Podemos imaginar un mundo de ciencia-ficción -Hitchcock hizo algo parecido- en el que los cisnes se pusieran de acuerdo para atacar a los humanos. En ese caso, el oxímoron del «cisne asesino» dejaría de ser absurdo, gracioso y placentero para convertirse en aterrador: «quince nuevas víctimas de los cisnes esta semana», leeríamos en el periódico. O también: «el ataque de los cisnes es ya la tercera causa de mortalidad mundial». Bueno, eso es ciencia-ficción. Pero podríamos volver ahora a las estadísticas del comienzo sobre las causas principales de mortalidad en todo el planeta y preguntarnos si de hecho no vivimos ya en una sociedad de ciencia-ficción. El hambre bajo un sistema que genera 10.000 millones de toneladas de basura al año, ¿no es más irracional aún que la imagen misma de la belleza matando hombres con su pico canoro? La guerra, ¿no es incompatible con la existencia de la ONU? La mayor parte de las enfermedades infecciosas, ¿no son curables? Los accidentes de tráfico, ¿no son en buena parte la consecuencia de un sistema que vende prestigio y velocidad en el mismo envoltorio? Es absurdo, sin duda, que un hombre muera atacado por un cisne en Chicago; pero no es menos absurdo, en realidad, que un hombre muera de cáncer en esa misma ciudad o de desnutrición en Somalia o de malaria en Burkina Fasso o bajo un bombardeo en Afganistán o de parto en Níger. Normal y natural, normal y justo, no son desgraciadamente sinónimos.

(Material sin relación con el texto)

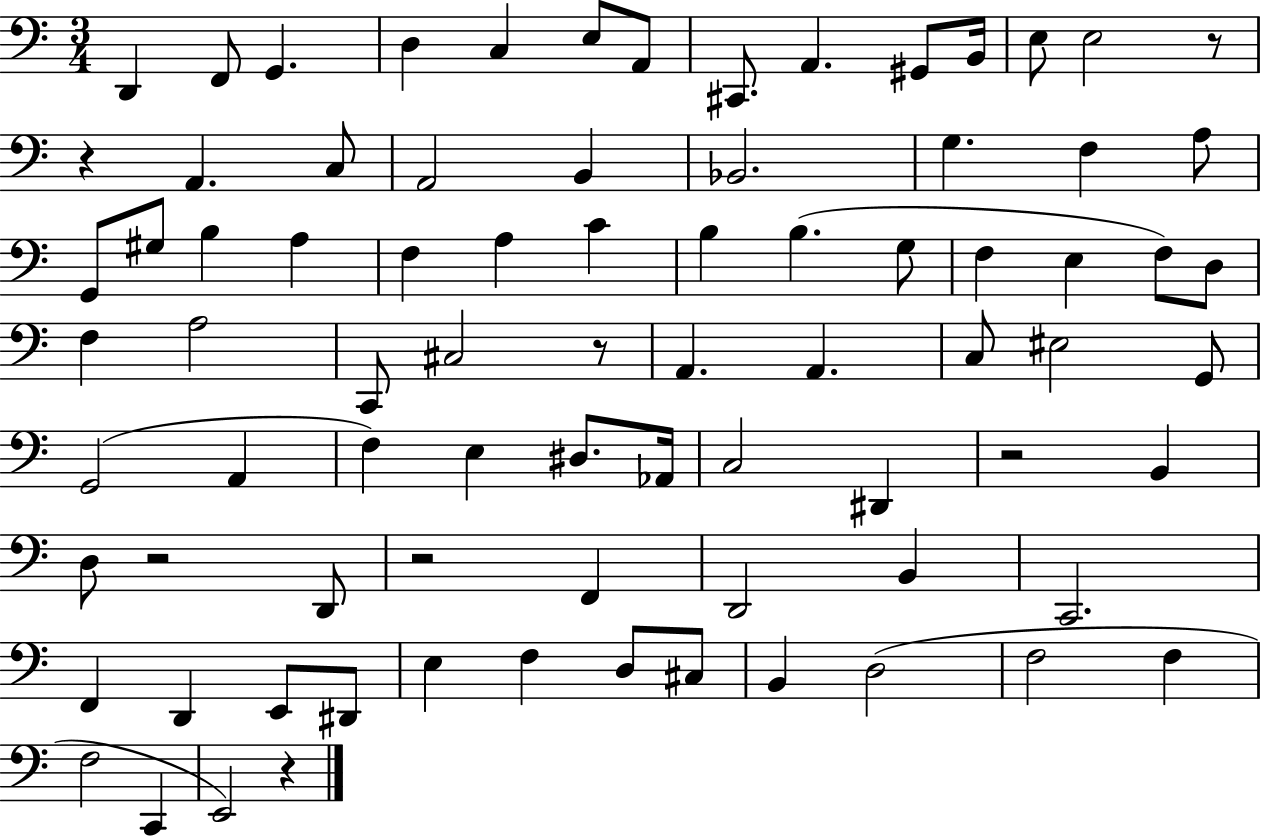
D2/q F2/e G2/q. D3/q C3/q E3/e A2/e C#2/e. A2/q. G#2/e B2/s E3/e E3/h R/e R/q A2/q. C3/e A2/h B2/q Bb2/h. G3/q. F3/q A3/e G2/e G#3/e B3/q A3/q F3/q A3/q C4/q B3/q B3/q. G3/e F3/q E3/q F3/e D3/e F3/q A3/h C2/e C#3/h R/e A2/q. A2/q. C3/e EIS3/h G2/e G2/h A2/q F3/q E3/q D#3/e. Ab2/s C3/h D#2/q R/h B2/q D3/e R/h D2/e R/h F2/q D2/h B2/q C2/h. F2/q D2/q E2/e D#2/e E3/q F3/q D3/e C#3/e B2/q D3/h F3/h F3/q F3/h C2/q E2/h R/q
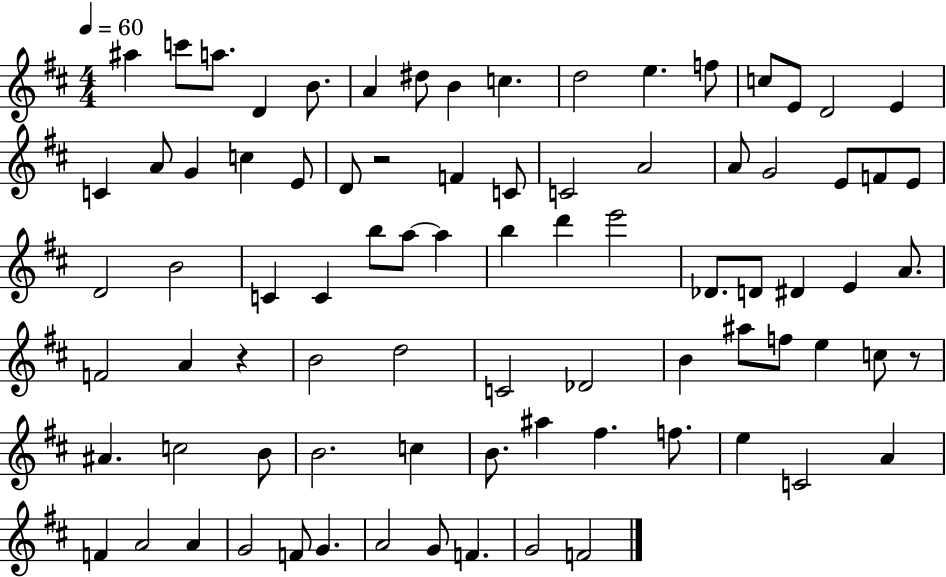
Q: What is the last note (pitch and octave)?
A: F4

Mención aparte merece, para acabar, la convención periodística de recordar el estado civil de una víctima y su capacidad reproductiva. Anthony Hensley, asesinado por un cisne, estaba casado y tenía dos hijos. Ni el cisne lo mató por eso ni la paternidad es un factor de riesgo (como el tabaco en las enfermedades cardiovasculares). Este dato no forma parte de la historia; es tan absurdo como la propia muerte de Anthony. Pero esta costumbre narrativa de integrar a las víctimas en una red más amplia de relaciones sociales o familiares, cuyo propósito primitivo era sin duda el de conmover a los lectores, es algo así como el fósil lingüístico de un mundo que está desapareciendo y que sólo se conserva ya, deformado, en la ficción de las telenovelas y en el clasismo de las revistas del corazón: un mundo en el que cada ser humano tenía su propia muerte y en el que cada ser humano, al morir, se separaba de alguien y se desenganchaba de un tejido común. Nunca los seres humanos han muerto con tanta regularidad estadística; nunca han muerto -al mismo tiempo- más solos.